In the F method above, the first assignment to i specifically does not refer to the field declared in the outer scope. Rather, it refers to the local variable and it is in error because it textually precedes the declaration of the variable. In the G method, the use of j in the initializer for the declaration of j is legal because the use does not precede the variable-declarator. In the H method, a subsequent variable-declarator legally refers to a local variable declared in an earlier variable-declarator within the same local-variable-declaration.

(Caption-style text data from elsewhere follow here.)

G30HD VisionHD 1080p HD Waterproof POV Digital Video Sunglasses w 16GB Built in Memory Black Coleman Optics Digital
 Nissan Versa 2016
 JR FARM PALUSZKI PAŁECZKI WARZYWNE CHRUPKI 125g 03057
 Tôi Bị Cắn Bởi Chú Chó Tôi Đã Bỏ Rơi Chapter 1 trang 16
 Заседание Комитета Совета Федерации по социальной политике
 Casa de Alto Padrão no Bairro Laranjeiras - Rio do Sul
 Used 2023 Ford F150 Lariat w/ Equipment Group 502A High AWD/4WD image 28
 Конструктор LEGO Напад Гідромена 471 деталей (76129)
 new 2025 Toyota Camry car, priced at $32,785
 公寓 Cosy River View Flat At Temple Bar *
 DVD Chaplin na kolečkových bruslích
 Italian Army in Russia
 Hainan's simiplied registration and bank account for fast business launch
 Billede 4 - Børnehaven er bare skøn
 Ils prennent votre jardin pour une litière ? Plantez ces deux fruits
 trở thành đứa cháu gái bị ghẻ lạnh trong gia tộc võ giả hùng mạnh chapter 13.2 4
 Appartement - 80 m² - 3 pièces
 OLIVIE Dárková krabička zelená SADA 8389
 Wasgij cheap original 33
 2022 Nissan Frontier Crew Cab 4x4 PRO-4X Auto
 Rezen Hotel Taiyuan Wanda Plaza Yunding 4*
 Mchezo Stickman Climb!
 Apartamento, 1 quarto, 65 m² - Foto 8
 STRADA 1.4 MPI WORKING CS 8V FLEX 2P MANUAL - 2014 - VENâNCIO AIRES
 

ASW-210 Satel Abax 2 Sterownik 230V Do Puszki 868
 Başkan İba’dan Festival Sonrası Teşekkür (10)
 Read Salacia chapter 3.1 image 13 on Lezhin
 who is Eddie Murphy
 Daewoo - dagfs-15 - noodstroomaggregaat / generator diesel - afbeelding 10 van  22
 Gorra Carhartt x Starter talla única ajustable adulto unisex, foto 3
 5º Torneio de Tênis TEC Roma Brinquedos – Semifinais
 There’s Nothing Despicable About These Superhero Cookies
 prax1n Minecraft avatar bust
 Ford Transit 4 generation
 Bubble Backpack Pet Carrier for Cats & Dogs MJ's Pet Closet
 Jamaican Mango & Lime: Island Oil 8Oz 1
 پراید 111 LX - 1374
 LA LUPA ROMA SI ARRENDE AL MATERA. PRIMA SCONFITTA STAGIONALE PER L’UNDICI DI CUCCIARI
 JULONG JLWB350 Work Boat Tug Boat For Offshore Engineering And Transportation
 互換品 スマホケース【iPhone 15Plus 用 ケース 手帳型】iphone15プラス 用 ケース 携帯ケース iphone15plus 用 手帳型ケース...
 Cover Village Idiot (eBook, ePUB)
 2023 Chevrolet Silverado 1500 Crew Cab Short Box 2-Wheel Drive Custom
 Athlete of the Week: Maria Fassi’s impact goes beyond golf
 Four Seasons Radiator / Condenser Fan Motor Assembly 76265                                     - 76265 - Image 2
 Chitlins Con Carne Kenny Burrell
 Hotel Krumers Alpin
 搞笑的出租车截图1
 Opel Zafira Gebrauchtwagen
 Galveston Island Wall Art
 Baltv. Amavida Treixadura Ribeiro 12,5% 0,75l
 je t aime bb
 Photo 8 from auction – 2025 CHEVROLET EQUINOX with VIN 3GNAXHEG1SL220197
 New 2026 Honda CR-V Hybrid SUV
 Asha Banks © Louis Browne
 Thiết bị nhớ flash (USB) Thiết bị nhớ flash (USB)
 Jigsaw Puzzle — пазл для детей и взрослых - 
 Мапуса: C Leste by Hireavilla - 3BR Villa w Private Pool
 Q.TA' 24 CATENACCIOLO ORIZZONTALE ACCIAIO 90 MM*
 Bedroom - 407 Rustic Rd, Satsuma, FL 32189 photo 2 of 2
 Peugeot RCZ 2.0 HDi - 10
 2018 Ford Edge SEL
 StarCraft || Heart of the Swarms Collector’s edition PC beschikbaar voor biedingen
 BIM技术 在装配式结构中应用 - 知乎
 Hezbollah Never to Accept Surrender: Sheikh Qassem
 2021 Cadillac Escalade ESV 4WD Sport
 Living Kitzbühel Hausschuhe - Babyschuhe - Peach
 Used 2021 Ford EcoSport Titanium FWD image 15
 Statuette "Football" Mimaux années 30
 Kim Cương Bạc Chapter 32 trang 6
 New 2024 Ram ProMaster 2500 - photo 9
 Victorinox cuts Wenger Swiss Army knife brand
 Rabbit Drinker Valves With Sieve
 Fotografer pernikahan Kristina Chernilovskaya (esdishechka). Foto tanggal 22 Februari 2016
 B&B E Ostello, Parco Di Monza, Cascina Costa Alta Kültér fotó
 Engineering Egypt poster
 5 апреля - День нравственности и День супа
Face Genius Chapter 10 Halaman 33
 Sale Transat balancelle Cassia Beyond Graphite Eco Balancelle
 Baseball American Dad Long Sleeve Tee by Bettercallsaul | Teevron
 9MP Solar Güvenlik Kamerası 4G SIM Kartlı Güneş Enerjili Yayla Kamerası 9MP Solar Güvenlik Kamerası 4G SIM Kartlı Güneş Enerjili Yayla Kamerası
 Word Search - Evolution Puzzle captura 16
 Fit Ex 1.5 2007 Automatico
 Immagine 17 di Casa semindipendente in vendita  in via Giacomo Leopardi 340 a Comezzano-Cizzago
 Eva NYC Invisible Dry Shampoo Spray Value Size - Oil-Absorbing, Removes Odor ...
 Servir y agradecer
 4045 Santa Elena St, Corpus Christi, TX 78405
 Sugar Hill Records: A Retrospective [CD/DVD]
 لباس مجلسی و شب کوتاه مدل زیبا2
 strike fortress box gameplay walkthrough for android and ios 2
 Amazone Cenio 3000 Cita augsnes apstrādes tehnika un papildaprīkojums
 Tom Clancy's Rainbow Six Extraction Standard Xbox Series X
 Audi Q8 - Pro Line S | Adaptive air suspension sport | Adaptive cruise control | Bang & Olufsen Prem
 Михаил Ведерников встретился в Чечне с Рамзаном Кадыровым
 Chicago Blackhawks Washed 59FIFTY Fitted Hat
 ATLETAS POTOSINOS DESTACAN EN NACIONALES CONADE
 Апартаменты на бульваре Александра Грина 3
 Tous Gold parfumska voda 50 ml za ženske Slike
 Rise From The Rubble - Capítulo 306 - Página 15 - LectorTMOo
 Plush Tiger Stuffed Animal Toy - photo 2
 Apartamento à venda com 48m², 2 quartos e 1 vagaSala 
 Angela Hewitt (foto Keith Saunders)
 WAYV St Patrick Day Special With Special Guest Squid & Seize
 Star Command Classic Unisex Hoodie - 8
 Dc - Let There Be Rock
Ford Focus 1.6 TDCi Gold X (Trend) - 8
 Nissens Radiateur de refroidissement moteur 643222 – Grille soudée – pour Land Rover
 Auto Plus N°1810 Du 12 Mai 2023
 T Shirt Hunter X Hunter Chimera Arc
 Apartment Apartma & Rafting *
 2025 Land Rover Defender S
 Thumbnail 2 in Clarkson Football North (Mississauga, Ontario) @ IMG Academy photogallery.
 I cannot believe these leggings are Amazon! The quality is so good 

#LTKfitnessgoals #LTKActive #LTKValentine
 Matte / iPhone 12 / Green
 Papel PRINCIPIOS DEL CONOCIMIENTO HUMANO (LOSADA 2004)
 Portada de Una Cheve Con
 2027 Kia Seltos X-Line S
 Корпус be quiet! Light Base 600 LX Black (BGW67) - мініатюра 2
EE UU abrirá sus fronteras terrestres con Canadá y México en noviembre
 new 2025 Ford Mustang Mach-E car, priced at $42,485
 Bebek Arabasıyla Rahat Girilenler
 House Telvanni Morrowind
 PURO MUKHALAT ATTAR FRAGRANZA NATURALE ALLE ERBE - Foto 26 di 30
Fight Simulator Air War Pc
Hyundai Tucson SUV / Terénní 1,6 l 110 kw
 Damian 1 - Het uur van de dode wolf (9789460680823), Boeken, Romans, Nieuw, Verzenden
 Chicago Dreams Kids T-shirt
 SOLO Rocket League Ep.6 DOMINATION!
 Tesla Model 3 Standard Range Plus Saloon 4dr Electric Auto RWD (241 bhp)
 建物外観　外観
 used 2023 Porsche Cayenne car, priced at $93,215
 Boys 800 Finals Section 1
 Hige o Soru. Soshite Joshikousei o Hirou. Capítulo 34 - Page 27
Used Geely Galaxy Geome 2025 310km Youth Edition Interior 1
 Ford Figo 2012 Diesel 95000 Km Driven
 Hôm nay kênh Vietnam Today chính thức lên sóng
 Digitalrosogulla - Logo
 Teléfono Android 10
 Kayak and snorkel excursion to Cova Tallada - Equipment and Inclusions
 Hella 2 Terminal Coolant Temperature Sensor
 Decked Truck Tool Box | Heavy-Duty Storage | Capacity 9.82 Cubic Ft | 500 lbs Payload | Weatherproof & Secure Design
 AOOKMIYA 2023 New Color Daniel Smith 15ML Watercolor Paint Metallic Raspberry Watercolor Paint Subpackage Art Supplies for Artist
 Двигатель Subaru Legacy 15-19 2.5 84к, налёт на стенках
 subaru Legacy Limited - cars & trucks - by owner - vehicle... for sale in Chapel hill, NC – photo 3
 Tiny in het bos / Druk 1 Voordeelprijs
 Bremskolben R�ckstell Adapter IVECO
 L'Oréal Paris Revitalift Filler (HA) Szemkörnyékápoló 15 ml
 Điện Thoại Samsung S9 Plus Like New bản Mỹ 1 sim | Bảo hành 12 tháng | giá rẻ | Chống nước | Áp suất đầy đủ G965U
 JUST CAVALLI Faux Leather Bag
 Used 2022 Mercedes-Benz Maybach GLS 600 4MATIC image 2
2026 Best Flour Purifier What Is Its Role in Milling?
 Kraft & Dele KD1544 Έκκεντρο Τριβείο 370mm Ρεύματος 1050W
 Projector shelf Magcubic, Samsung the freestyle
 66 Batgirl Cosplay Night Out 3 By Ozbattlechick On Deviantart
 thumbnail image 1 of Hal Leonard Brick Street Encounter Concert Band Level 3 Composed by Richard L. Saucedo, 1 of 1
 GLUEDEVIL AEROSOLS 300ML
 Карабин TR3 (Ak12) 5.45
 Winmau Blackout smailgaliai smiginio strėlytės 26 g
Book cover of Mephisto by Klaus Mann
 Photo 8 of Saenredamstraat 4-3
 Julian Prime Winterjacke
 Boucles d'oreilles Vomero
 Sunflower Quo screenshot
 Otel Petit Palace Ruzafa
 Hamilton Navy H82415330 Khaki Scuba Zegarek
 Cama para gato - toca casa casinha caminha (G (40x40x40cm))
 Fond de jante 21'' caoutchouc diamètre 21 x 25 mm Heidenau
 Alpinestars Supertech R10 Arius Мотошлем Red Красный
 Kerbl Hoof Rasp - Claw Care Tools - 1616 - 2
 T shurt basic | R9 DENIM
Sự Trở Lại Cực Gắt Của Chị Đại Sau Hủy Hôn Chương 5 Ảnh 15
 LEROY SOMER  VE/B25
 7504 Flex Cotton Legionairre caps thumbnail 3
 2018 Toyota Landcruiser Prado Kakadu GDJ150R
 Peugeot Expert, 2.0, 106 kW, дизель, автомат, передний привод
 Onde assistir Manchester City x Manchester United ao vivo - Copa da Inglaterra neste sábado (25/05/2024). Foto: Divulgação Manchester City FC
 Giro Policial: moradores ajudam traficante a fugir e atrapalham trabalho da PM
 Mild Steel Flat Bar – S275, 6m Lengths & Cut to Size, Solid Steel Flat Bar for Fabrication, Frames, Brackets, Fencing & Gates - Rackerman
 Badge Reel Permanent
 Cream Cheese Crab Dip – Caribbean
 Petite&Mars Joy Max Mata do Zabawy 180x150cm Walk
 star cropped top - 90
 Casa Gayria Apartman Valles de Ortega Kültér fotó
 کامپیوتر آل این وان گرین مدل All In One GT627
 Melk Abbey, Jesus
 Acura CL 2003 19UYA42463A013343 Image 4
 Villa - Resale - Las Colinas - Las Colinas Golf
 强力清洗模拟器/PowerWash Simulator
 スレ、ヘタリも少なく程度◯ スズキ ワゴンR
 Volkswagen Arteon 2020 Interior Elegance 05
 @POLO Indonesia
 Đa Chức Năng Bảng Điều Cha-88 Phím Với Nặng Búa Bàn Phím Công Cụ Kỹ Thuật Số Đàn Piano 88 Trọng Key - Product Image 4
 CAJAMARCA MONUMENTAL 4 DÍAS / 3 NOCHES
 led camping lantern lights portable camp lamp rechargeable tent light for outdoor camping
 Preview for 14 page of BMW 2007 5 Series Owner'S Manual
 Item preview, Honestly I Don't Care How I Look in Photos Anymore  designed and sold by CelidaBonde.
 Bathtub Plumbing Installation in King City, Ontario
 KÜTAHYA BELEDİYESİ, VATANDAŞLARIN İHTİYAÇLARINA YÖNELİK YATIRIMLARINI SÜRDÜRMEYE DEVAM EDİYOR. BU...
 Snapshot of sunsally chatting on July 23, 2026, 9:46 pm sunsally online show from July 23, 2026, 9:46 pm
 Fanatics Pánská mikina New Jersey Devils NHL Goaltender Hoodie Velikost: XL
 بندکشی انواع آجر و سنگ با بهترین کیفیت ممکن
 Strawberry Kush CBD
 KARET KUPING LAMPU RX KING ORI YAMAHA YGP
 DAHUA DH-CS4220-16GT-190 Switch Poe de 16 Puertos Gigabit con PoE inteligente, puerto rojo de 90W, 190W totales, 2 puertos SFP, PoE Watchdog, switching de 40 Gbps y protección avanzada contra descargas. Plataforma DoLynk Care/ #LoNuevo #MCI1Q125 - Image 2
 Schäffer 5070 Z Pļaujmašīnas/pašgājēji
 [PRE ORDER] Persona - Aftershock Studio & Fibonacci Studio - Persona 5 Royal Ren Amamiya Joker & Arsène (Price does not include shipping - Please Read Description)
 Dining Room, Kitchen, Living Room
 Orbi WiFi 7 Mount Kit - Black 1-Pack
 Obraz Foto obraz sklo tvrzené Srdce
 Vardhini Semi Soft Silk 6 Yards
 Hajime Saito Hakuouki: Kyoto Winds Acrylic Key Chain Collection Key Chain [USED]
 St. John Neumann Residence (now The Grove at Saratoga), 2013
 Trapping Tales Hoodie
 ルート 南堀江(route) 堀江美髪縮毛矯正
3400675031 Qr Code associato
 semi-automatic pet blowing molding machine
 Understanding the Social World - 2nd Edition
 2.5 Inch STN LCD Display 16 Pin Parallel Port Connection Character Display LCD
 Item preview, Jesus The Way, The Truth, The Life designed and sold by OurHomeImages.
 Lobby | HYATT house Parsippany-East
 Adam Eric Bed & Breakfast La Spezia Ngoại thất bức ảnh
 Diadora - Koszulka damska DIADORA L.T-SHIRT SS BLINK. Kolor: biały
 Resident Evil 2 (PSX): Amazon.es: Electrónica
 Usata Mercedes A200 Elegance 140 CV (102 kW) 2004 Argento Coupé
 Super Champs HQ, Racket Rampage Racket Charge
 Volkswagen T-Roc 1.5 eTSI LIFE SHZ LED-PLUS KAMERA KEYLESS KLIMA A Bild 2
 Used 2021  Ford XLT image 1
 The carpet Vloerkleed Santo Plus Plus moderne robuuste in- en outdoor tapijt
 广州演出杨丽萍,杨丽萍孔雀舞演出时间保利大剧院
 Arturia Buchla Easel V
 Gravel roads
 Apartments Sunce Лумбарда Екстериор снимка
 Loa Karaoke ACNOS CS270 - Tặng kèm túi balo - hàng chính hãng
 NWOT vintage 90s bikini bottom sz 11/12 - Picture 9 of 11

The scoping rules for local variables are designed to guarantee that the meaning of a name used in an expression context is always the same within a block. If the scope of a local variable was to extend only from its declaration to the end of the block, then in the example above, the first assignment would assign to the instance variable and the second assignment would assign to the local variable, possibly leading to errors if the statements of the block were later to be rearranged.

The meaning of a name within a block may differ based on the context in which the name is used. In the example

class Test
{
   static void Main() {
      string A = "hello, world";
      string s = A;                        // expression context
      Type t = typeof(A);                  // type context
      Console.WriteLine(s);               // writes "hello, world"
      Console.WriteLine(t.ToString());      // writes "Type: A"
   }
}

the name A is used in an expression context to refer to the local variable A and in a type context to refer to the class A.